My mom said that when she closed her eyes, moments before the semitruck turned the bend and, with no time to brake, pulled left as hard as it could to dodge our car, getting so close it scraped against the side and took out the driver’s side mirror, she was hoping for so many things at once. Hoping the truck would miss us. Hoping we’d survive. Hoping if it did hit us, we’d all die quickly and not feel a thing. Hoping for a miracle. This was my introduction to hope. It was also the day I found out some cops are awful and will throw out everything you own onto the sidewalk, but some cops aren’t. Some cops find families stranded on the side of the freeway and get you a hotel room for the night. My mom was too shaken up to tell this cop where we needed to go. He saw everything we owned was in our car. He put two and two together for the family of four and decided to help us.
The next morning, we walked alongside the LA River toward my uncle’s apartment complex. And even at three years old, I knew that morning was special. It was the beginning of a new story. An unwritten one. Ours was supposed to end in a fiery crash of twisted metal. But we survived to see another chapter. My mom no longer had the eyes of an injured animal. She now had hopeful eyes. Like a mama bird that was ready to build another nest.
Our second shot at life wasn’t any easier than the first. My mom was still raising three kids on her own. We were still poor. We bounced around from city to city, apartment to apartment, school to school, job to job, and there were two things that kept following us, no matter where we went. Hope and poverty.
We were always the poorest family around, even in places where everyone was poor. I knew this because kids my age always reminded me. You see, it’s all about the shoes. Rich kids had shoes that said Nike, Adidas, or Reebok on them. Usually that meant they lived in a house and their parents had a car. Poor kids had shoes like Pro Wings or L.A. Gears. This meant they lived in an apartment. But my family didn’t fall in either of these categories. We were often homeless. Even living in a car sometimes. And when we did get an apartment, we’d have to share it with a colony of cockroaches. This meant my shoes were hand-me-downs from my brother. They were often worn down and full of holes. I’d have silver duct tape wrapped around them to keep them intact. Those were my shoes. But here is where the hope comes in.

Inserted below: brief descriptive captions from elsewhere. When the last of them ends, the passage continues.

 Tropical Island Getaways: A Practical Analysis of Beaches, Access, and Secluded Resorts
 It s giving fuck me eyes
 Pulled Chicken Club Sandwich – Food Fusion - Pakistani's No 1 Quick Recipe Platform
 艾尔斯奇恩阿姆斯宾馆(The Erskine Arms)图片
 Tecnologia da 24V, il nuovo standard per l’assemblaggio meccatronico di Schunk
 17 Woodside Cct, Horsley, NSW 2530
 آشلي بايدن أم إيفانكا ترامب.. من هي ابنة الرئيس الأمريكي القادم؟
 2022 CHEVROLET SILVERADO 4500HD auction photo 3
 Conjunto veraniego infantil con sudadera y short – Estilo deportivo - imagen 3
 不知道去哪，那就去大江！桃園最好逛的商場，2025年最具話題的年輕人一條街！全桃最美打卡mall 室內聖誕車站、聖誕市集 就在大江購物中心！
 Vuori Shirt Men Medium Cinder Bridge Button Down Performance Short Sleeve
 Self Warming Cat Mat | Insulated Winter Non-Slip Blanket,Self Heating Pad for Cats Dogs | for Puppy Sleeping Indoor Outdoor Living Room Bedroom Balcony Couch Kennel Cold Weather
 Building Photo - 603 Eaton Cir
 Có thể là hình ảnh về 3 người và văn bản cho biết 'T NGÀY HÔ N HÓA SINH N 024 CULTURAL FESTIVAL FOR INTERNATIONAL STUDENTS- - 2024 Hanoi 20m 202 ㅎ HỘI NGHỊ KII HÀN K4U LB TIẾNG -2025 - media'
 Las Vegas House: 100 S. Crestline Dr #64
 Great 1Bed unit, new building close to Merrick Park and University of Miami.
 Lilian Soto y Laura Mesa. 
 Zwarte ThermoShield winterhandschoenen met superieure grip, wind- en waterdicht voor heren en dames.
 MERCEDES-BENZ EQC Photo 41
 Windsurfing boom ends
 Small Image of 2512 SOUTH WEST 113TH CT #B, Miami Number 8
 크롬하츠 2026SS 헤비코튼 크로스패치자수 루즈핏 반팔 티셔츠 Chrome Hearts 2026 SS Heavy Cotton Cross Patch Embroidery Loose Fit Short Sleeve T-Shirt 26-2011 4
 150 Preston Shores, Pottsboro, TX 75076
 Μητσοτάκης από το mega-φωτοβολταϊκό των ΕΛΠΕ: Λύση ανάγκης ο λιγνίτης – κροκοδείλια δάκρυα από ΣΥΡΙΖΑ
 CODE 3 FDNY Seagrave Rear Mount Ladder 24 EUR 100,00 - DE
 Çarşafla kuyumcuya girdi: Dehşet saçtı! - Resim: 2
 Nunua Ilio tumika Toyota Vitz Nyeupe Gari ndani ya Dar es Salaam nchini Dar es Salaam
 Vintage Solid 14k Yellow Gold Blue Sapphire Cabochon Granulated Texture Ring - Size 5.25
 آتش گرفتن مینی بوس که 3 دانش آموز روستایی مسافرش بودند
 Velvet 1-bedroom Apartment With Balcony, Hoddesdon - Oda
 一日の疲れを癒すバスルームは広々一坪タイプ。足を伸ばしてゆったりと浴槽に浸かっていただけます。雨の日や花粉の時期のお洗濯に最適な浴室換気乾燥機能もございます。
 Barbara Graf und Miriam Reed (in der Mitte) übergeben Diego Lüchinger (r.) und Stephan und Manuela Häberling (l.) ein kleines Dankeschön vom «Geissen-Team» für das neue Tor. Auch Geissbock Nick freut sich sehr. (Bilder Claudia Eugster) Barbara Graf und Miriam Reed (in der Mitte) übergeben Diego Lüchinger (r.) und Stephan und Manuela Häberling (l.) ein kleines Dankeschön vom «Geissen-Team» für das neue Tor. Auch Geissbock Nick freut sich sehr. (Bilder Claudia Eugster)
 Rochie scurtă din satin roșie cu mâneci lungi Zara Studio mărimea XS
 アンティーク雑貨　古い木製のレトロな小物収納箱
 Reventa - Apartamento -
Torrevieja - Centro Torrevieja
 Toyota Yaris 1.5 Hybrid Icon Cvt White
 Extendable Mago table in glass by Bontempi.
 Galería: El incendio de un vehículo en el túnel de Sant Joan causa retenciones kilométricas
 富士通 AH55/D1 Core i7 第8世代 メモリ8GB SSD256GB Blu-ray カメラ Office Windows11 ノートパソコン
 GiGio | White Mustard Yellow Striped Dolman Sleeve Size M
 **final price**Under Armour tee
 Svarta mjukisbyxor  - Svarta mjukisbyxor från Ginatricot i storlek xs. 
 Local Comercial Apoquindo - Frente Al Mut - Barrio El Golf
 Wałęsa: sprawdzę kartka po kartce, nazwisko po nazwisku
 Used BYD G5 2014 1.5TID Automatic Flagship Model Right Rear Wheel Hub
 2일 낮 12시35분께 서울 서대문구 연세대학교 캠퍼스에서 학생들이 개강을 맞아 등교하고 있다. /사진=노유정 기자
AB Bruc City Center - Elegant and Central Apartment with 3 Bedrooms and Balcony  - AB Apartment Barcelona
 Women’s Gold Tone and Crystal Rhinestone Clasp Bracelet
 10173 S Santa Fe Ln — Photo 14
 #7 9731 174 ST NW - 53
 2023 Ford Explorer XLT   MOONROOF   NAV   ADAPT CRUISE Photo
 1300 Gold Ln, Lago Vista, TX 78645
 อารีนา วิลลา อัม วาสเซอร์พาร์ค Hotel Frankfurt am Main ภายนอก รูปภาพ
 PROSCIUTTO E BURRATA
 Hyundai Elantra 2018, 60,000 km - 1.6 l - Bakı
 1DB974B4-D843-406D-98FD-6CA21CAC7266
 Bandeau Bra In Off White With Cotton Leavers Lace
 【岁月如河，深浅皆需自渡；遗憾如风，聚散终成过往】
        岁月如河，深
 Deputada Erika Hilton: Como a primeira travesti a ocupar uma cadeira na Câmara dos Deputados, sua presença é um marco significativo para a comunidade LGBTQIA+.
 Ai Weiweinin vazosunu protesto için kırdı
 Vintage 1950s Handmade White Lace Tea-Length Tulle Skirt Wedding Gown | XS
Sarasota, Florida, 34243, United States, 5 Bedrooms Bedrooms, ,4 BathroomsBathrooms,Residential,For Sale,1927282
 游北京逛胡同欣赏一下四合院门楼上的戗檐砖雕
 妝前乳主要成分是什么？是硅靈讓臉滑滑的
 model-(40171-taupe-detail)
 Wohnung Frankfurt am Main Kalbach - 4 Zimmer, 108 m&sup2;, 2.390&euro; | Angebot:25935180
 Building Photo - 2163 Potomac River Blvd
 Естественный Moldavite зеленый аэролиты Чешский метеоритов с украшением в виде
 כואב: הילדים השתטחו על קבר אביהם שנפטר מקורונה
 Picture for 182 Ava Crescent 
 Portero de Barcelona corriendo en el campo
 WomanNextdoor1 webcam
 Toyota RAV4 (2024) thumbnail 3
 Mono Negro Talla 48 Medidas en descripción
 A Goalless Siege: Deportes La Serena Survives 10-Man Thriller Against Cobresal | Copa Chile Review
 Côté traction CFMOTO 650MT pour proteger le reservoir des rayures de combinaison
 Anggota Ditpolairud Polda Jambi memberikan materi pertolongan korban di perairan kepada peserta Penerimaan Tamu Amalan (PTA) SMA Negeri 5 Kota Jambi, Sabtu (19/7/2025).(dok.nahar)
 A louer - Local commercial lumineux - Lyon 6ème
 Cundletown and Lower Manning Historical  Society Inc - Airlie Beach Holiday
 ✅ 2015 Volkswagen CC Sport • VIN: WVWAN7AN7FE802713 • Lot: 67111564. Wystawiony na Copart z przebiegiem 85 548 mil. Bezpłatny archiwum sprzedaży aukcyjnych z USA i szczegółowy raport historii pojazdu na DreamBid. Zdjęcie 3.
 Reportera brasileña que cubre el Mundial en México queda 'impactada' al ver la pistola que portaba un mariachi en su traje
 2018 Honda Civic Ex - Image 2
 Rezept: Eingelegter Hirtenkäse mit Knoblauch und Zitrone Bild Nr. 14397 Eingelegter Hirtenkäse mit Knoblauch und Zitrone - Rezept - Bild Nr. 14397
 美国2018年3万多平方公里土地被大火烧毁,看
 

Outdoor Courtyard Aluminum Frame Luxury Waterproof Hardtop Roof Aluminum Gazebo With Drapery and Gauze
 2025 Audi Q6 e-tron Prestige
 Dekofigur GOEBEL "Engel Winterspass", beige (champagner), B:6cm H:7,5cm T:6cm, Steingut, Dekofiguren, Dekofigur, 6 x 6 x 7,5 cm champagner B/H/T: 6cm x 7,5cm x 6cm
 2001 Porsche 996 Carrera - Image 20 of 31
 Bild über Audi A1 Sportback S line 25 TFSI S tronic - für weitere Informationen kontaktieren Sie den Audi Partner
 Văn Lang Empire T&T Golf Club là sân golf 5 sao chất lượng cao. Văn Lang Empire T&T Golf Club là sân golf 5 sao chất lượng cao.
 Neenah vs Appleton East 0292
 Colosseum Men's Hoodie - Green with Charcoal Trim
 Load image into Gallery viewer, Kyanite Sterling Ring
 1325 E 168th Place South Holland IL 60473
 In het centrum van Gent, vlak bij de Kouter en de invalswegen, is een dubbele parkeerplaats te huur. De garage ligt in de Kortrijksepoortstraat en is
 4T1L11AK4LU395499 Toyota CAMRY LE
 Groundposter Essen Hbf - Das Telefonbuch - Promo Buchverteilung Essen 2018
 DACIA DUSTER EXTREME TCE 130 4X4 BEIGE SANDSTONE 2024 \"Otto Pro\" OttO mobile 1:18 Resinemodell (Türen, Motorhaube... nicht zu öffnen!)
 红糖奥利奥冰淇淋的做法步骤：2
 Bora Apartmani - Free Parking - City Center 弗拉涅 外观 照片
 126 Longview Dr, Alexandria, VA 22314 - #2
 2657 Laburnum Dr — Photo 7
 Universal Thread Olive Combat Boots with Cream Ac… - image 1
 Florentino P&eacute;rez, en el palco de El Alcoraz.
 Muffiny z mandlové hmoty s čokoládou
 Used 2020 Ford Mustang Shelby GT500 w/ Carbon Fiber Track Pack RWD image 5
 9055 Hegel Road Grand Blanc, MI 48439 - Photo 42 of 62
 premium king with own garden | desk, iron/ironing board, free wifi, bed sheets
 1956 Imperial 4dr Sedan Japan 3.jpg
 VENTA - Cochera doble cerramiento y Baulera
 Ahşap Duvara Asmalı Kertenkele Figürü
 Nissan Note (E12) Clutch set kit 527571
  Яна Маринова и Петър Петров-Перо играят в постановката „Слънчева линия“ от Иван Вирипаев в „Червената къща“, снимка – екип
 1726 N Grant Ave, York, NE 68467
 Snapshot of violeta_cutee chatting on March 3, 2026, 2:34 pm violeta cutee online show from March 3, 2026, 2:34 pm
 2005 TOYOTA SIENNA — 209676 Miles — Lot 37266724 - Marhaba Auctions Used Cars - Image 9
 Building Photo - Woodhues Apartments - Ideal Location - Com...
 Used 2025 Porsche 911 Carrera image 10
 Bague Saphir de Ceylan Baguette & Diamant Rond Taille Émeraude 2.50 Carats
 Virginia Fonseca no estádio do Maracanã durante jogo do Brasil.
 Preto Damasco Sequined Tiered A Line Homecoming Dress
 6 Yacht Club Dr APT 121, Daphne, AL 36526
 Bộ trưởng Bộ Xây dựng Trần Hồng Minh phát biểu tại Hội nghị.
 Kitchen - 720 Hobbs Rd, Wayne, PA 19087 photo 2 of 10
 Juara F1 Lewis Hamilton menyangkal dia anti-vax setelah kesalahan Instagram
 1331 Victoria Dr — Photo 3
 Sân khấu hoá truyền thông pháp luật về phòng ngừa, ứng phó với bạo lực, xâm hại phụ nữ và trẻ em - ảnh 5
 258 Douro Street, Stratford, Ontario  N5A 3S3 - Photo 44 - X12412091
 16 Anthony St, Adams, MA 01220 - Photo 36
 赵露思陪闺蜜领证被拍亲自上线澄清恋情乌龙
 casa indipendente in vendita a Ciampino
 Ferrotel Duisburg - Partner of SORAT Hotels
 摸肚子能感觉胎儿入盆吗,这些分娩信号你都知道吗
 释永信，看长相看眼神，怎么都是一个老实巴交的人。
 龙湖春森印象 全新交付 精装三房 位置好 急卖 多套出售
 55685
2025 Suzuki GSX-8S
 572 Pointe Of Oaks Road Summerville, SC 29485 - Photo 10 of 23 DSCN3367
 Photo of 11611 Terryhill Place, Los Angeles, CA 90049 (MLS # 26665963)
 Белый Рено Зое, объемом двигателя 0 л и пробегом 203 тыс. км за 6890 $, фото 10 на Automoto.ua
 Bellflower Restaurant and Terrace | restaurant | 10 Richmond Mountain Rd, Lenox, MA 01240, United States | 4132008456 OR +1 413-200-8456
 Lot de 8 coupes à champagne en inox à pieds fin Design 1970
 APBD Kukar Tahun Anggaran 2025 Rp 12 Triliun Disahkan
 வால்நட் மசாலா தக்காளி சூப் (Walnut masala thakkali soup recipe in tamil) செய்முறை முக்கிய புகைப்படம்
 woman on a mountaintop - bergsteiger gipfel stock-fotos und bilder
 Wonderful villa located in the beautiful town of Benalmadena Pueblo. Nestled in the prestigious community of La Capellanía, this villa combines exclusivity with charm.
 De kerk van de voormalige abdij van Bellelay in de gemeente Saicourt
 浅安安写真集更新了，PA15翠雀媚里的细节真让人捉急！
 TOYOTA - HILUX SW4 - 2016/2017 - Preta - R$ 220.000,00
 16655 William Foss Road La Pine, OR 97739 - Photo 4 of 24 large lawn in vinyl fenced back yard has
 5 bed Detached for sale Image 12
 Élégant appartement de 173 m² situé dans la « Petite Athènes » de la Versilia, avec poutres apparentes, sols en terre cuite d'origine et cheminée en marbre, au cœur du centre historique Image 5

My mom turned being poor into an advantage for my brain. She saw how my brain worked unlike everyone’s around me. She knew the way I learned was from stories, so she made up tales that made me forget about being poor. She told me that my shoes were more special than any pair of Nikes or Reeboks. Because on the silver duct tape, I could take a marker and invent my own shoes. A pair that no one else on Earth would have. Mine would be special. And it worked. I was proud of my shoes, even if they were falling apart. They were my Warriors, my Terminators, and since I was obsessed with reptiles as a kid, my shoes were often the only pair of “Alligators” in existence.